Tor Browser 10.0.18 was released by the Tor Project to fix a number of problems, including a vulnerability that allows websites to track users by fingerprinting the apps they have installed on their devices.
The report shows that a tracking profile for a user is constructed by attempting to open multiple application URL handlers, such as zoommtg://, and seeing if the browser displays a prompt similar to the one for Zoom below.
If the app’s prompt appears, it’s safe to presume that the app has been installed on the device.
The vulnerability can generate an ID based on the unique configuration of installed apps on the user’s device by checking for multiple URL handlers.
This ID can then be followed across browsers such as Google Chrome, Edge, Tor Browser, Firefox, and Safari.
This flaw is particularly concerning for Tor users who use the browser to keep their identity and IP address hidden from websites.
Since this flaw follows users between browsers, it may be possible for online sites and even law enforcement to track a user’s genuine IP address if they switch to a non-anonymizing browser like Google Chrome.

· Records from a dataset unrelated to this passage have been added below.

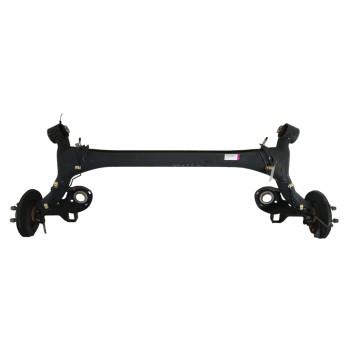 Recambio de puente trasero para seat ibiza (6j5) 1.6 tdi referencia OEM IAM 6R0500051  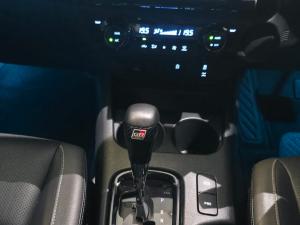 Toyota Hilux 2.8GD-6 48V double cab Legend RS - Image 11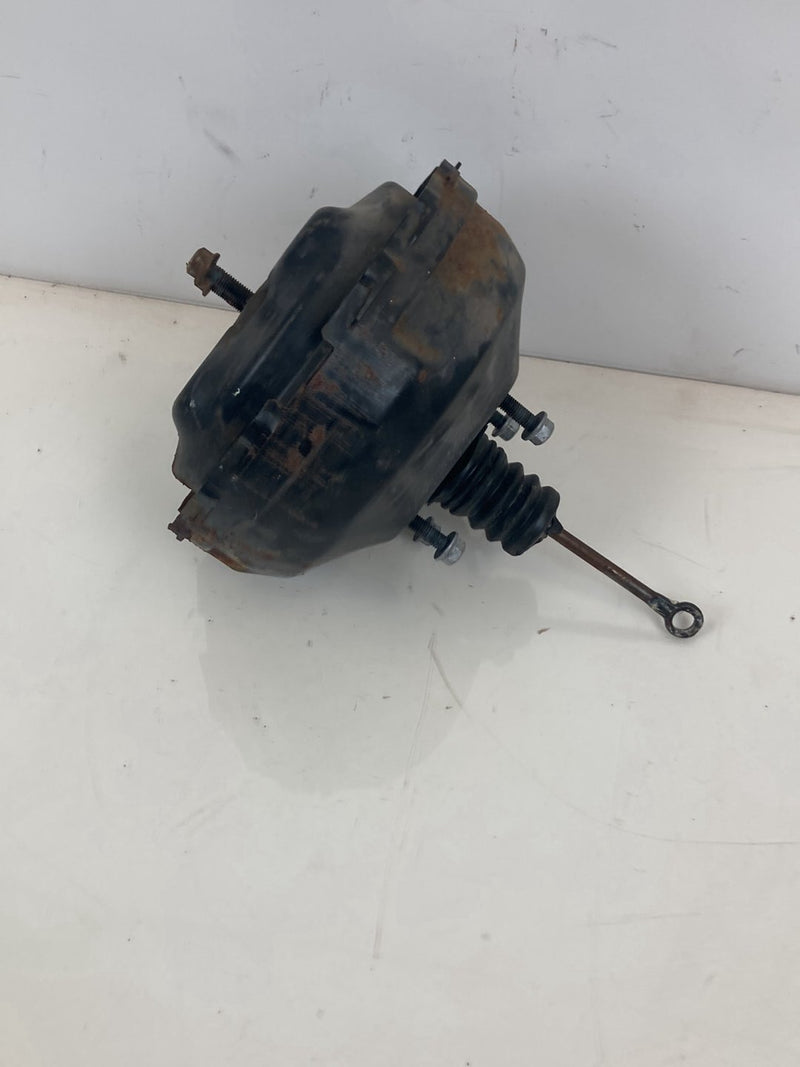 1995 Chevrolet Silverado GMT800 - Brake Booster Master Cylinder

The Tor Project has developed a patch for this vulnerability with the release of Tor Browser 10.0.18 by setting the ‘network.protocol-handler.external’ setting to false.

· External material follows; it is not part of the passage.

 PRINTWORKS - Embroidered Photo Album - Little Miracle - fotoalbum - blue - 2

This default setting prevents the browser from sending the handling of a specific URL to an external application, and so the application prompts are no longer triggered.

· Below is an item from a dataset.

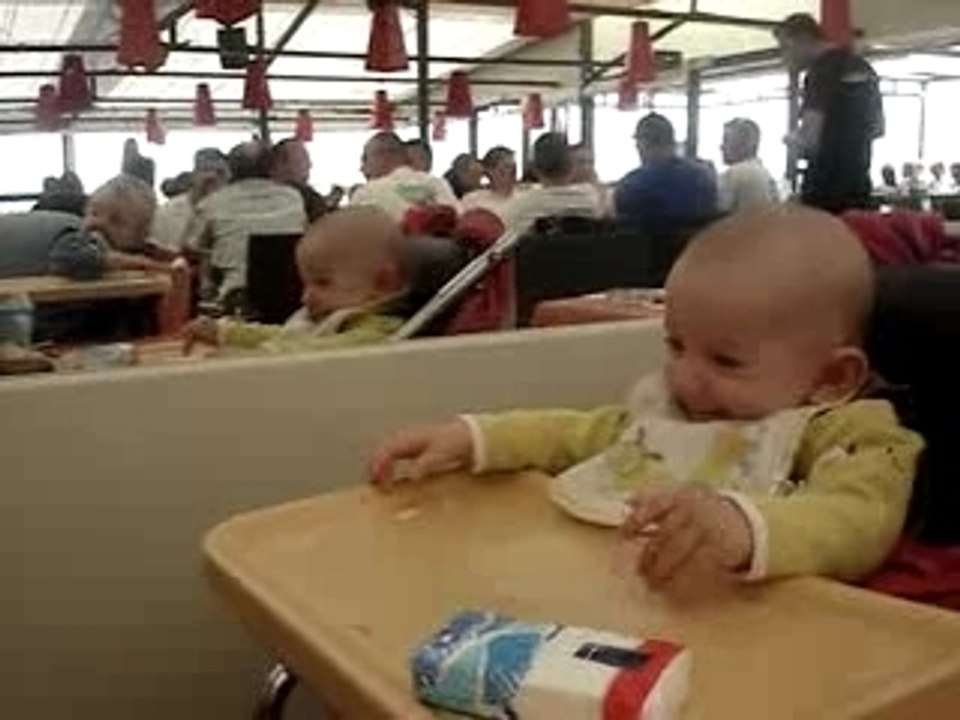 Quentin et le miroir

The full changelog for Tor 10.0.18 is:
- All Platforms
- Update Tor to 0.4.5.9
- Update Fenix to 89.1.1
- Update NoScript to 11.2.8
- Bug 40055: Rebase android-components patches on 75.0.22 for Fenix 89
- Bug 40165: Announce v2 onion service deprecation on about:tor
- Bug 40166: Hide “Normal” tab (again) and Sync tab in TabTray
- Bug 40167: Hide “Save to Collection” in menu
- Bug 40169: Rebase fenix patches to fenix v89.1.1
- Bug 40170: Error building tor-browser-89.1.1-10.5-1
- Bug 40432: Prevent probing installed applications
- Bug 40470: Rebase 10.0 patches onto 89.0
- Build System
- Bug 40290: Update components for mozilla89-based Fenix
By opening the menu, navigating to Help, and selecting About Tor Browser, you can upgrade to Tor Browser 10.0.18, which will automatically check for and install any new updates.